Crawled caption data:
● ● ● ● ●

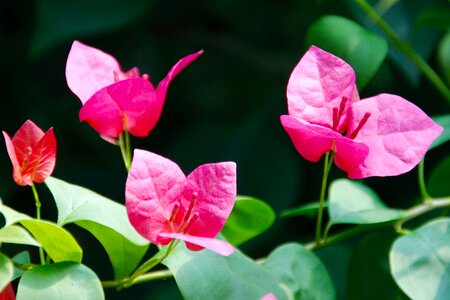 Flower plant nature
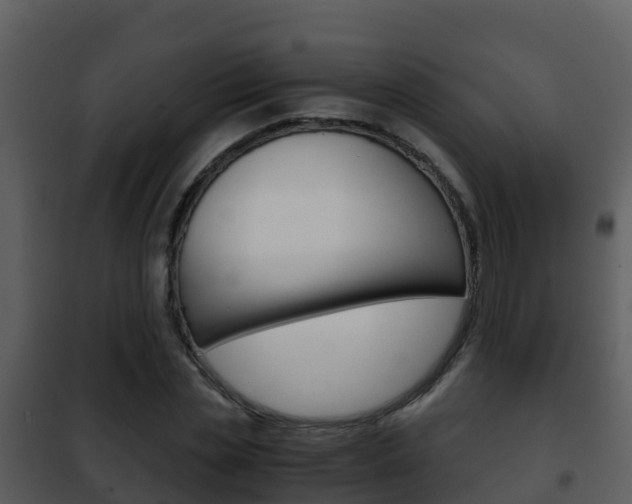 X0000101990829200807180822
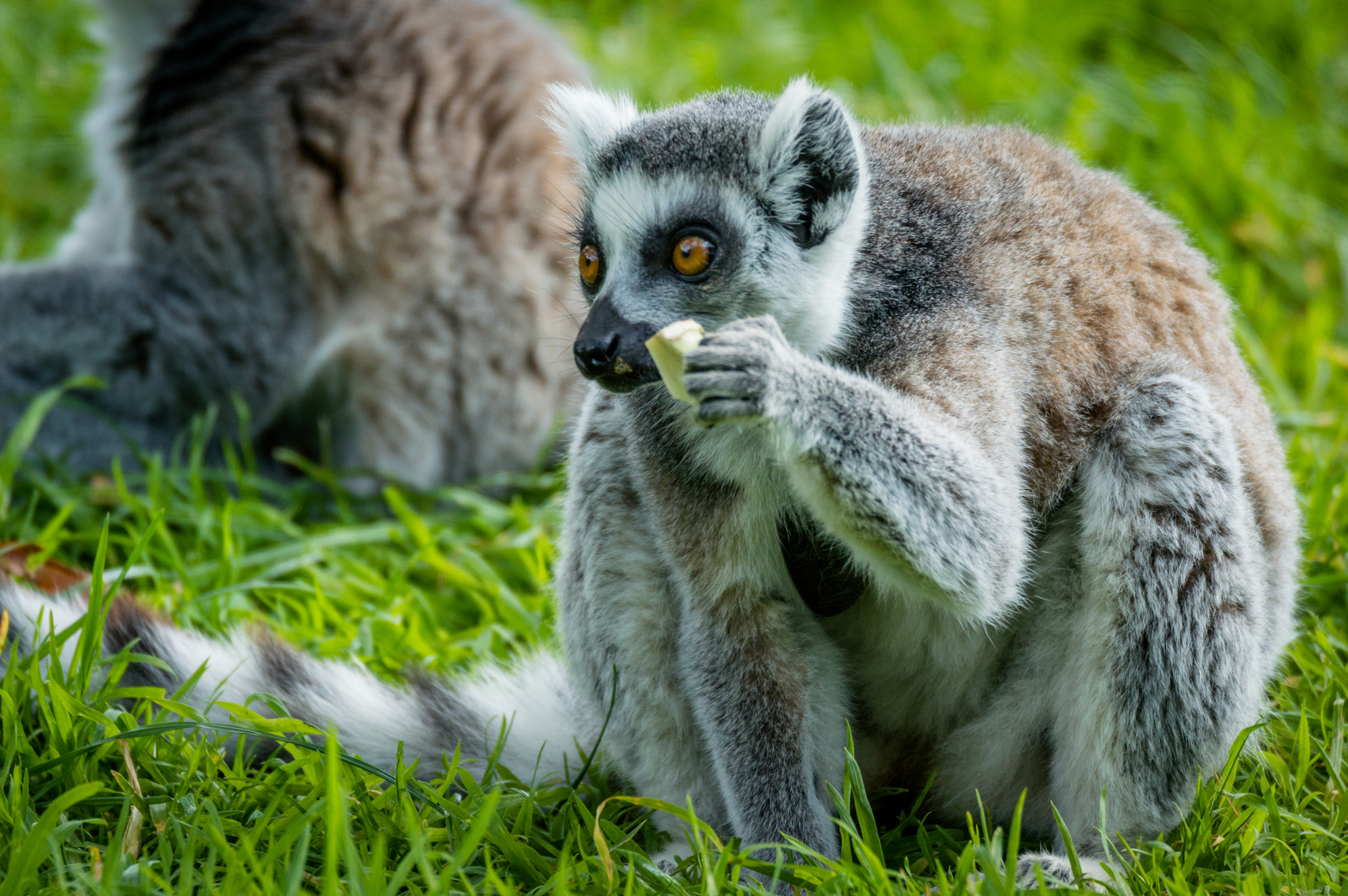 Nikon D3200 + Sigma 120-400mm F4.5-5.6 DG OS HSM sample photo. Lemur 4 photography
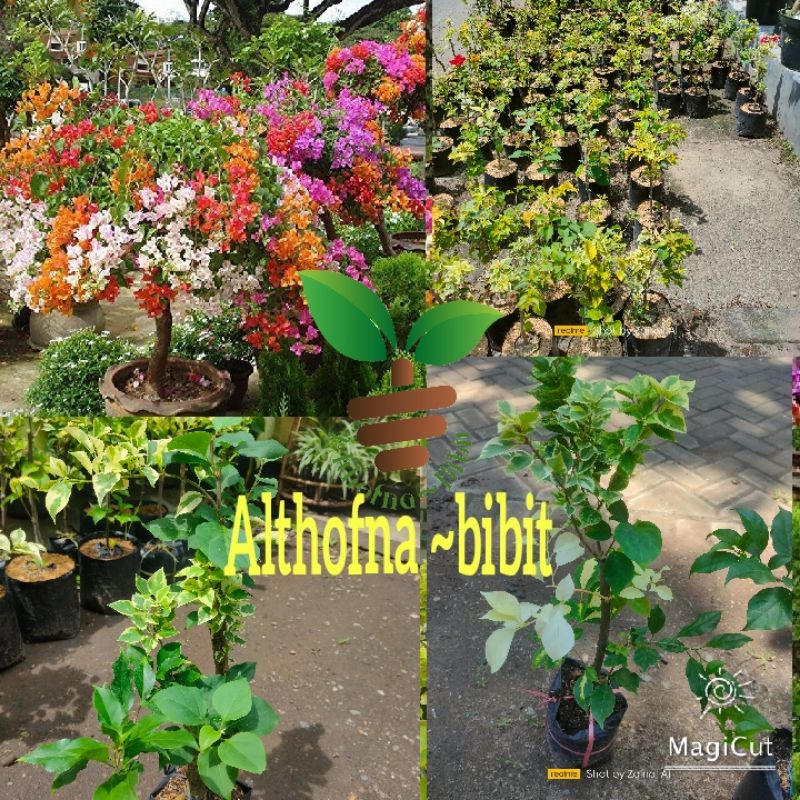 Bibit Bunga kertas-bougenville 3 Warna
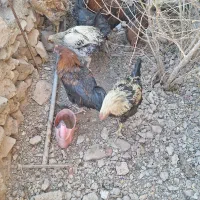 خروس محلی اصل تاج کوچیک|حیوانات مزرعه|شوسف, |دیوار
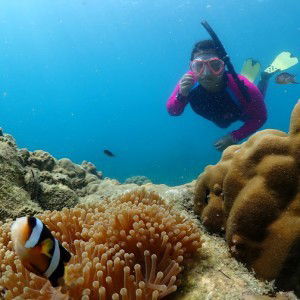 Aresen ripper profile icon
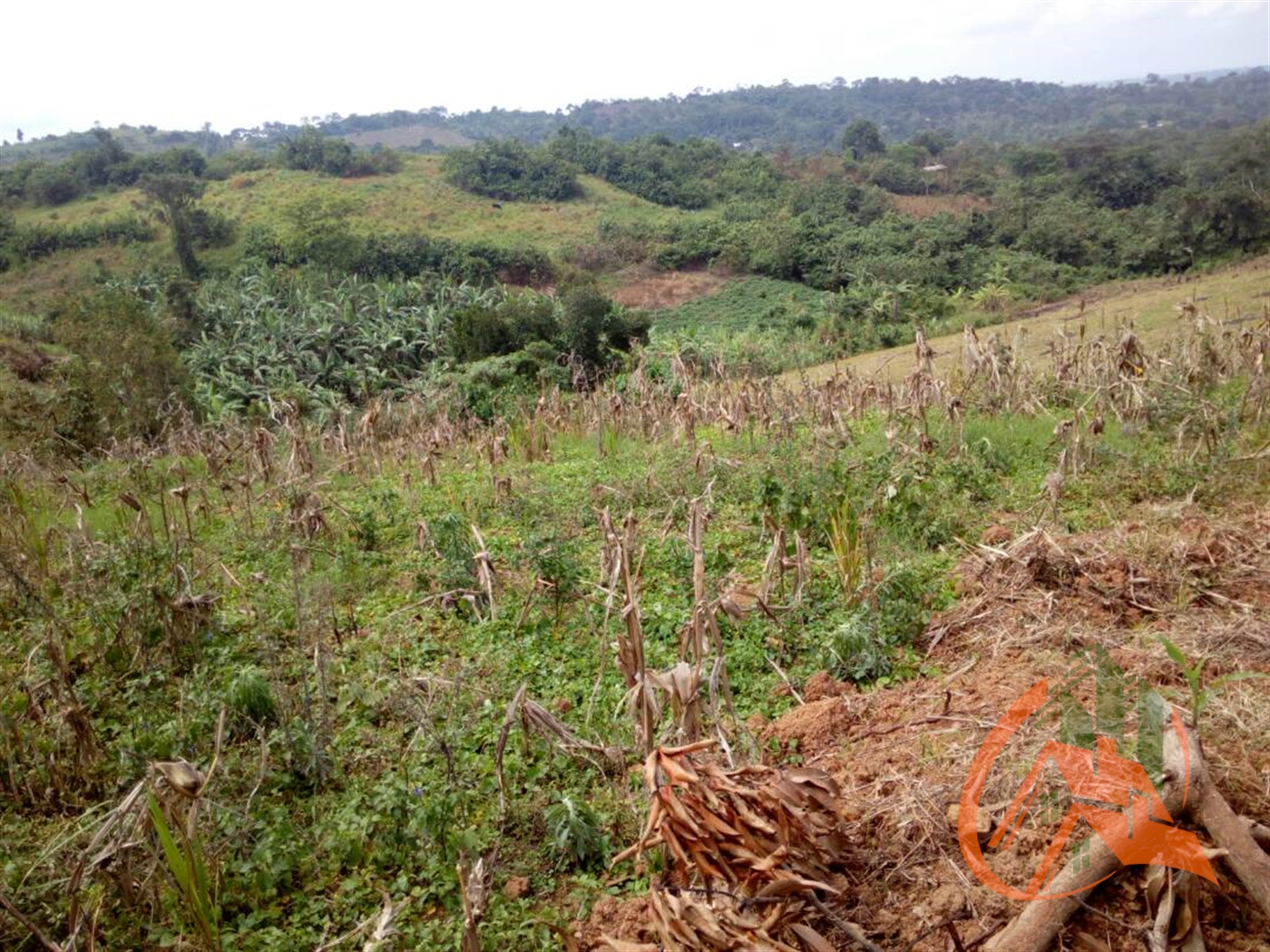 Agricultural Land for sale in Kasana Mityana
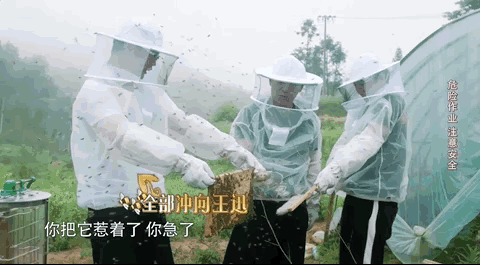 向往的生活黄渤来了黄磊真的开心(黄渤捣乱向往的生活)(6)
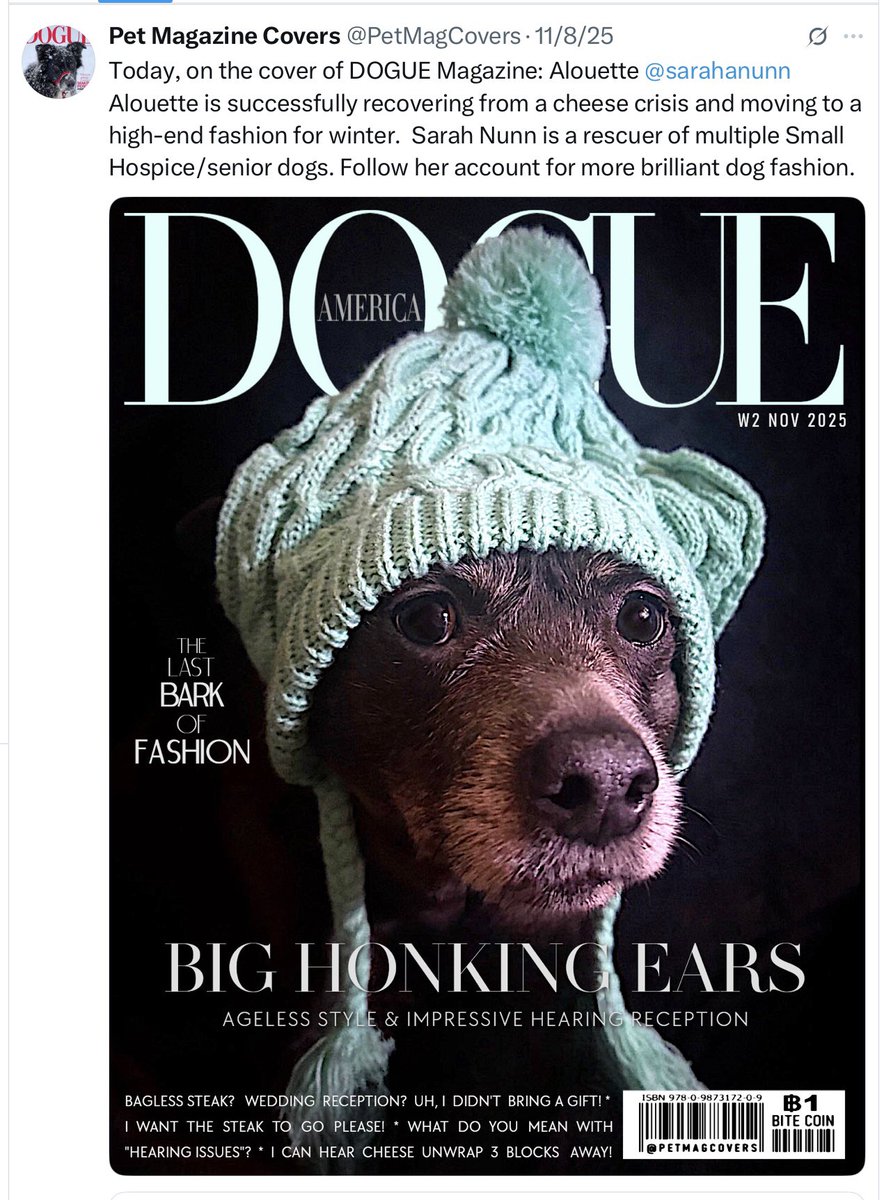 sarahanunn's tweet photo. OMD! Alouette is a cover-girl! 
It’s going to her head! She’s such a diva! She’s demanding satin sheets, bacon in bed &amp; a gold water bowl. 
Thanks to @PetMagCovers for featuring her. I’m so proud of her! 
❤️❤️❤️
#covergirl #DivaDog #DogsWearingHats #RescueDog #DogsofTwitter https://t.co/DykBwPq3MC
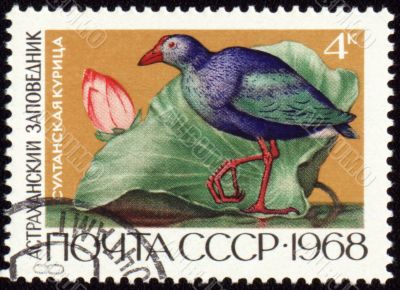 Sultan hen on post stamp
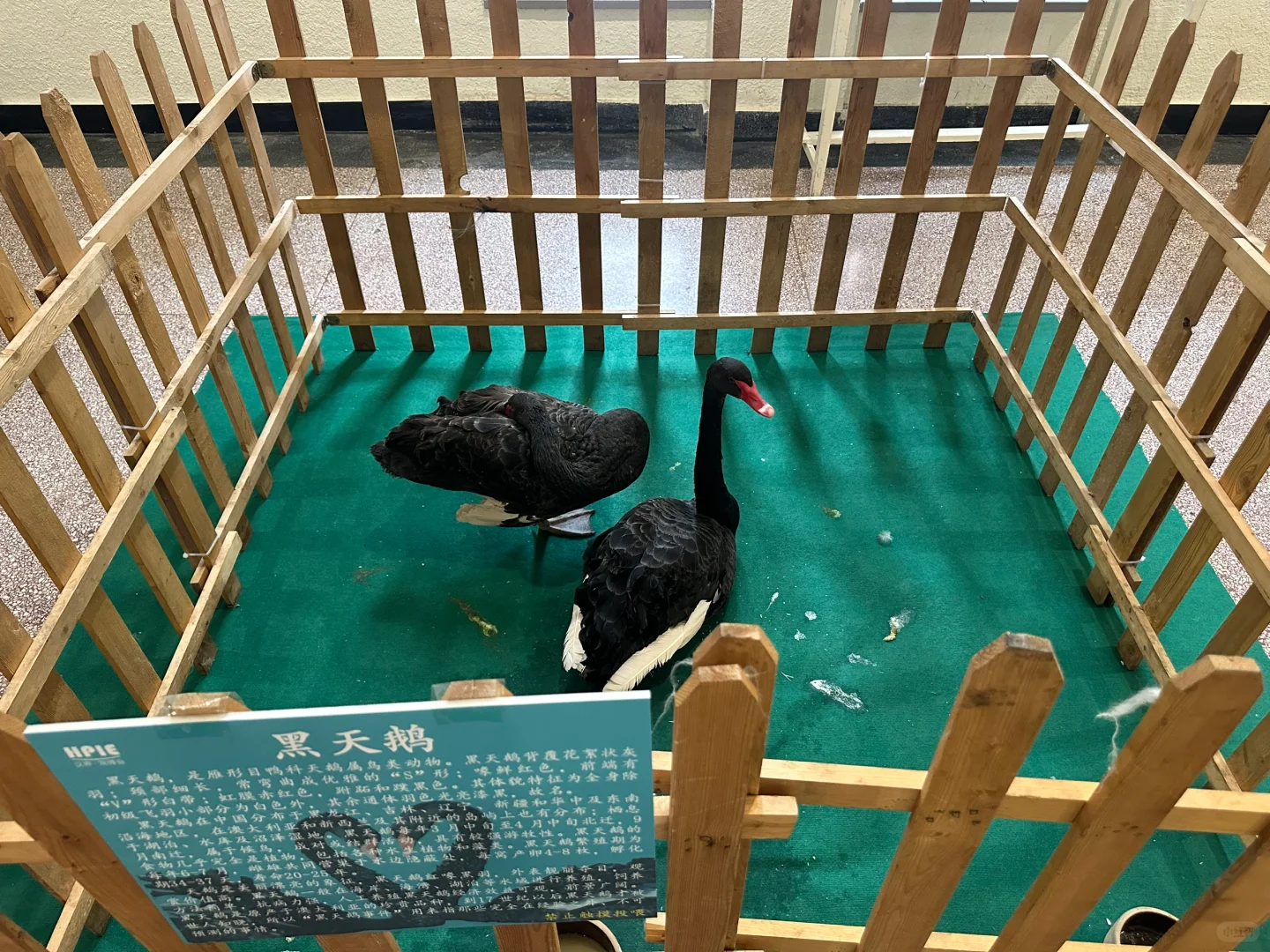 山西省展览馆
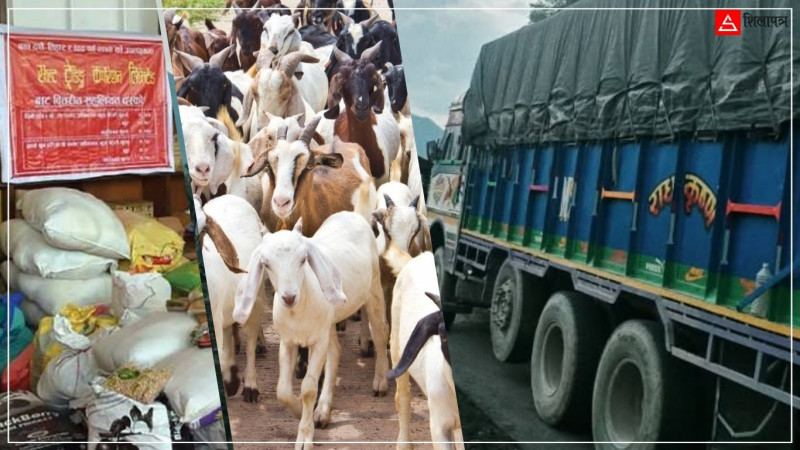 कृष्णभिरले भत्काएको सरकारी सप्लाई चेन : आउने छैनन् खसीबोका, महँगोमा दसैँ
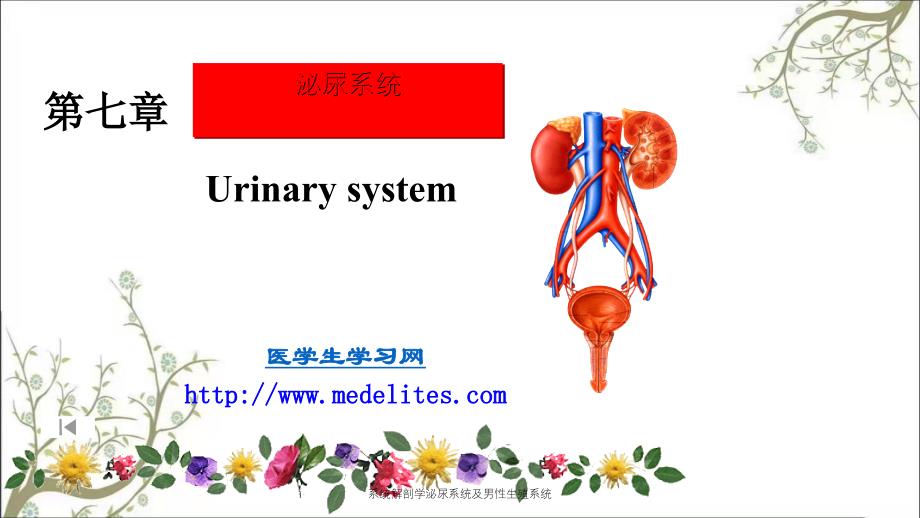 系统解剖学泌尿系统及男性生殖系统_第1页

● ● ● ● ●

• Directions:
Write each line exactly as it appears, from the line that holds "خروس محلی اصل" through the closing line of the data above, and leave every picture out.

• Task answer:
 خروس محلی اصل تاج کوچیک|حیوانات مزرعه|شوسف, |دیوار
 Aresen ripper profile icon
 Agricultural Land for sale in Kasana Mityana
 向往的生活黄渤来了黄磊真的开心(黄渤捣乱向往的生活)(6)
 sarahanunn's tweet photo. OMD! Alouette is a cover-girl! 
It’s going to her head! She’s such a diva! She’s demanding satin sheets, bacon in bed &amp; a gold water bowl. 
Thanks to @PetMagCovers for featuring her. I’m so proud of her! 
❤️❤️❤️
#covergirl #DivaDog #DogsWearingHats #RescueDog #DogsofTwitter https://t.co/DykBwPq3MC
 Sultan hen on post stamp
 山西省展览馆
 कृष्णभिरले भत्काएको सरकारी सप्लाई चेन : आउने छैनन् खसीबोका, महँगोमा दसैँ
 系统解剖学泌尿系统及男性生殖系统_第1页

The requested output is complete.